Very easy fits and joins–big tabs slide easily and snugly, for the most part. There were some small gaps, but I only felt the need to fill two. Good casting, on this end.
The sculpts are what they are, and one is either going to dig it or not. I think back to the first series of Batman the Animated Series–not so much detail but great use of negative space to create big blocks of color. The SDE poses and sculpt work are excellent, imo.
My only gripe is mold lines. Most are small, but they are prevalent (one even goes across a hero’s face–yuk). I took the time to go through and take care of them, which by far took the bulk of my prep time for these models. The actual gluing, however, goes fast and easy, with no ‘fiddly’ parts.
Pretty much my experience too, although I had some horrible mold lines and I’m going to need to spend some time with some boiling water soon.
I do wish the counters were better centered, though. Mine are quite offset.
Put the whole lot together in about 40 minutes without the plans. Great minis and a great game.

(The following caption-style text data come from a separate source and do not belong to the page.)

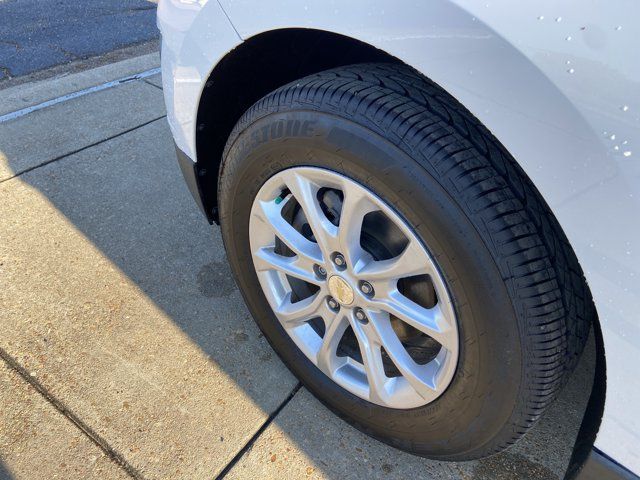 Used 2020 Chevrolet Equinox LS FWD image 18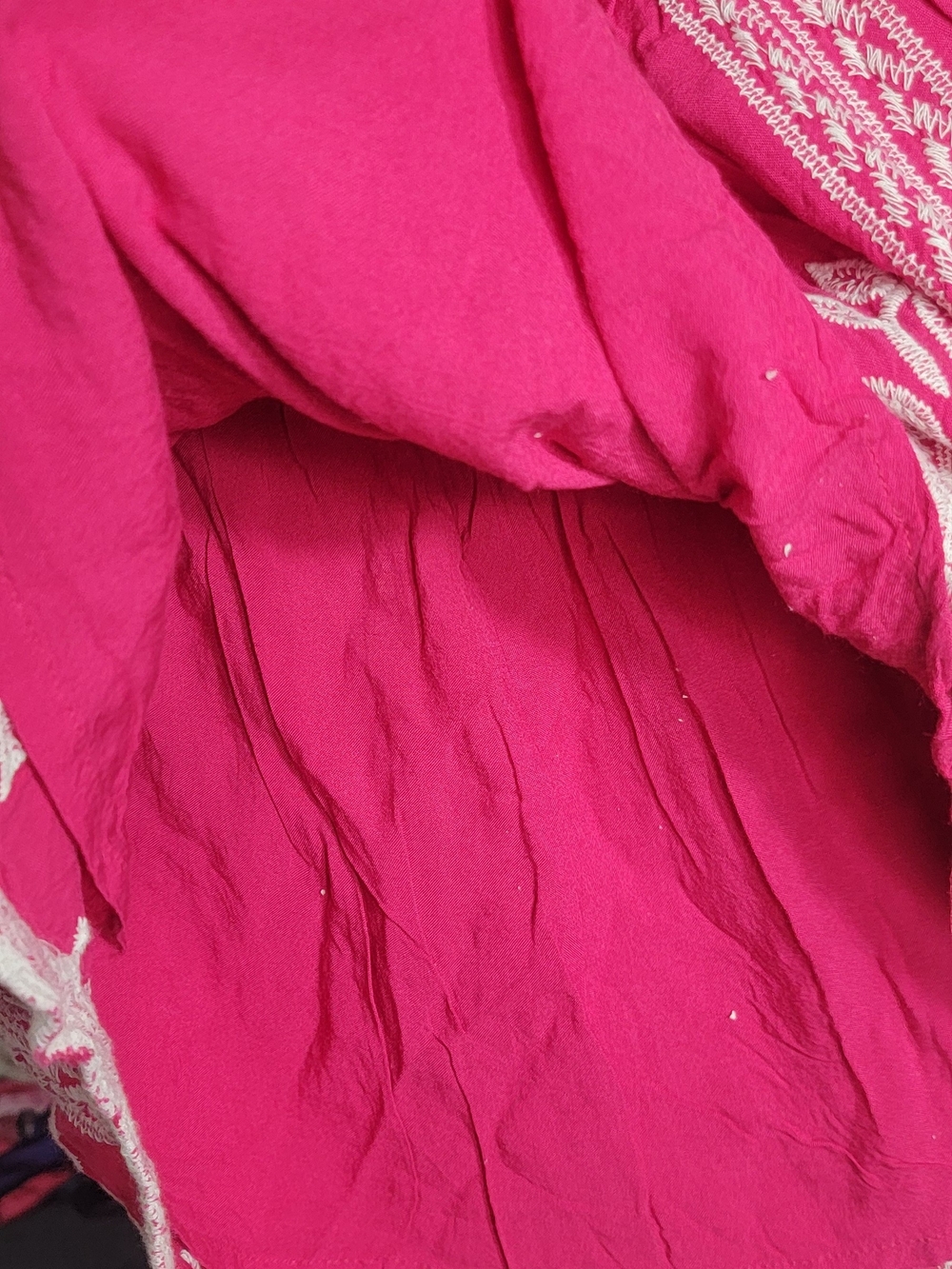 Solitaire Women’s Hot Pink Embroidered Skirt Set Size Medium - Picture 5 of 7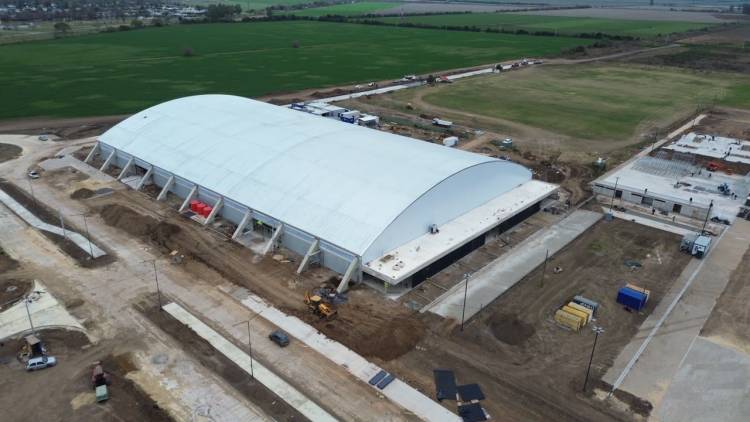 Juegos Suramericanos 2026: finalizó el montaje de la pista del imponente velódromo que construye la gestión Pullaro en Rafaela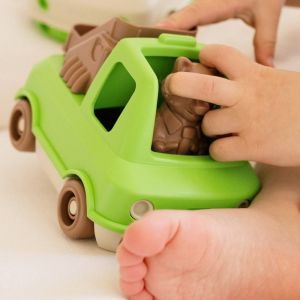 Le camion pompier de mr renard, made in france en matière recyclée, chlorophylle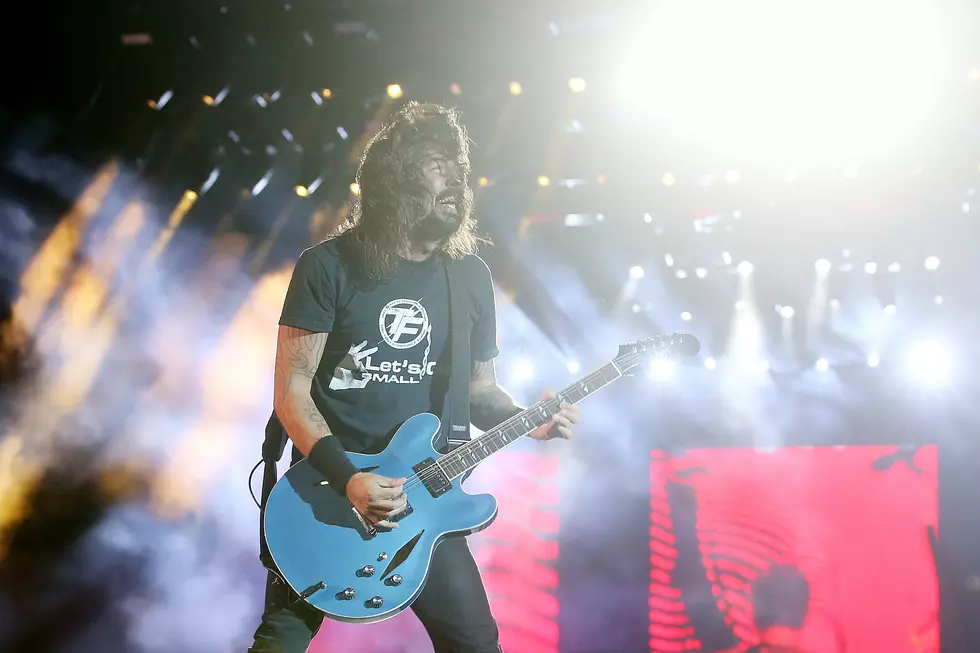Dave Grohl Gives Drumstick to Blind Fan at Foo Fighters Concert [VIDEO]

My copy of SDE showed up this weekend. I have to agree with most of the reasonable posts out there. This game is amazing. The quality of the plastics is great, assembly was very easy, and each piece is uniquely keyed so even without the instructions it was not hard to put them together. Remember the pre-school game where you put the wooden blocks into the appropriate whole, if you STILL struggle at getting all the blocks to fit you may want to steer away from this game it might not be developmentally appropriate for you.
If you are a perfectionist like me and come from the miniature world and are going to go on to file, prime and paint your mini’s to display level quality, you will be happy to know that it was an easy task with a jewelers file to clean them up. That being said if you do not have a lot of miniature experience and are worried you don’t have the experience to clean them up rest assured if you are only armed with a bottle of super glue your assembled game pieces will still look better than almost any board game you have ever purchased. It is very noticeable that these game pieces did not come from the board game world; they came from the world of miniature games that is filled with high quality plastics, metals and resins.
Seeing the instruction sheet here actually makes me want it more. I enjoy putting together models, and it shows just how intricate and dynamic they are. I’m a miniatures guy, not a board-gamer, at heart so this appeals to me.